=== Scraped caption text data ===
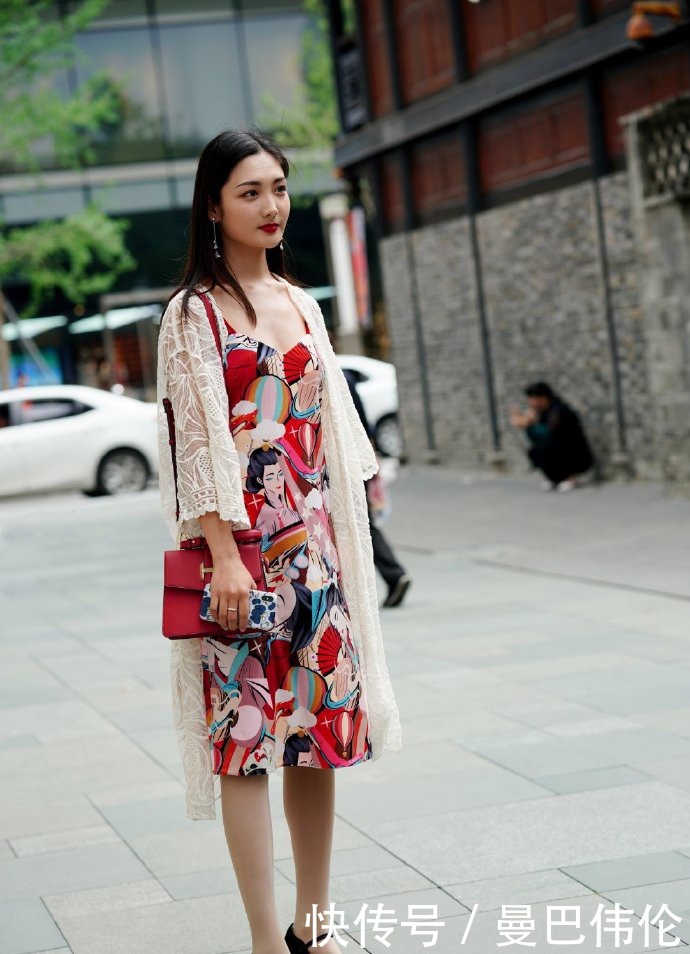 看着|小姐姐颜值高身材好,看着的确很是醒目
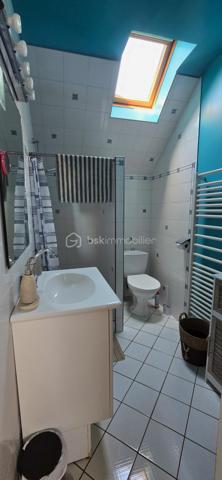 À Mirepeix, maison d’environ 165 m² sur un terrain de 513 m², offrant une configuration idéale pour une famille avec la possibilité de poursuivre une activité de chambres d’hôtes.
Au rez-de-chaussée : séjour de 33 m², cuisine de 15 m², buanderie de 12 m², arrière-cuisine d'extérieur de 6 m², 3 chambres de 12, 13 et 14 m², salle d’eau et WC.
À l’étage, l’espace chambres d’hôtes comprend 2  chambres voir trois possible, un salon, un dressing, une salle d’eau et WC. Une terrasse couverte de 14 m² complète cet espace.
La maison dispose également d'un grenier d'environ 36 m² offrant un potentiel d'aménagement, ainsi que d'un garage de 19 m².
À l'extérieur, la maison possède un store banne électrique et un coin barbecue devant et derrière.

Côté confort : climatisation réversible installée en 2023 et VMI sur les deux niveaux installés en 2026
📍 Emplacement recherché, à proximité de Nay et de ses commerces, dans un environnement agréable au cœur du Pays de Nay, entre Pau, Lourdes et les Pyrénées. Un secteur apprécié pour son cadre naturel, ses activités de pleine nature et son attrait touristique.
Les + : 165 m² • 6 chambres • 2 salles d’eau • terrain 513 m² • garage 19 m² • terrasse couverte • grenier 36 m² • chambres d’hôtes • climatisation 2023 • VMI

=== REQUIREMENT ===
All of the lines above should be copied exactly, apart from the pictures.

=== PROBLEM SOLUTION ===
 看着|小姐姐颜值高身材好,看着的确很是醒目
 À Mirepeix, maison d’environ 165 m² sur un terrain de 513 m², offrant une configuration idéale pour une famille avec la possibilité de poursuivre une activité de chambres d’hôtes.
Au rez-de-chaussée : séjour de 33 m², cuisine de 15 m², buanderie de 12 m², arrière-cuisine d'extérieur de 6 m², 3 chambres de 12, 13 et 14 m², salle d’eau et WC.
À l’étage, l’espace chambres d’hôtes comprend 2  chambres voir trois possible, un salon, un dressing, une salle d’eau et WC. Une terrasse couverte de 14 m² complète cet espace.
La maison dispose également d'un grenier d'environ 36 m² offrant un potentiel d'aménagement, ainsi que d'un garage de 19 m².
À l'extérieur, la maison possède un store banne électrique et un coin barbecue devant et derrière.

Côté confort : climatisation réversible installée en 2023 et VMI sur les deux niveaux installés en 2026
📍 Emplacement recherché, à proximité de Nay et de ses commerces, dans un environnement agréable au cœur du Pays de Nay, entre Pau, Lourdes et les Pyrénées. Un secteur apprécié pour son cadre naturel, ses activités de pleine nature et son attrait touristique.
Les + : 165 m² • 6 chambres • 2 salles d’eau • terrain 513 m² • garage 19 m² • terrasse couverte • grenier 36 m² • chambres d’hôtes • climatisation 2023 • VMI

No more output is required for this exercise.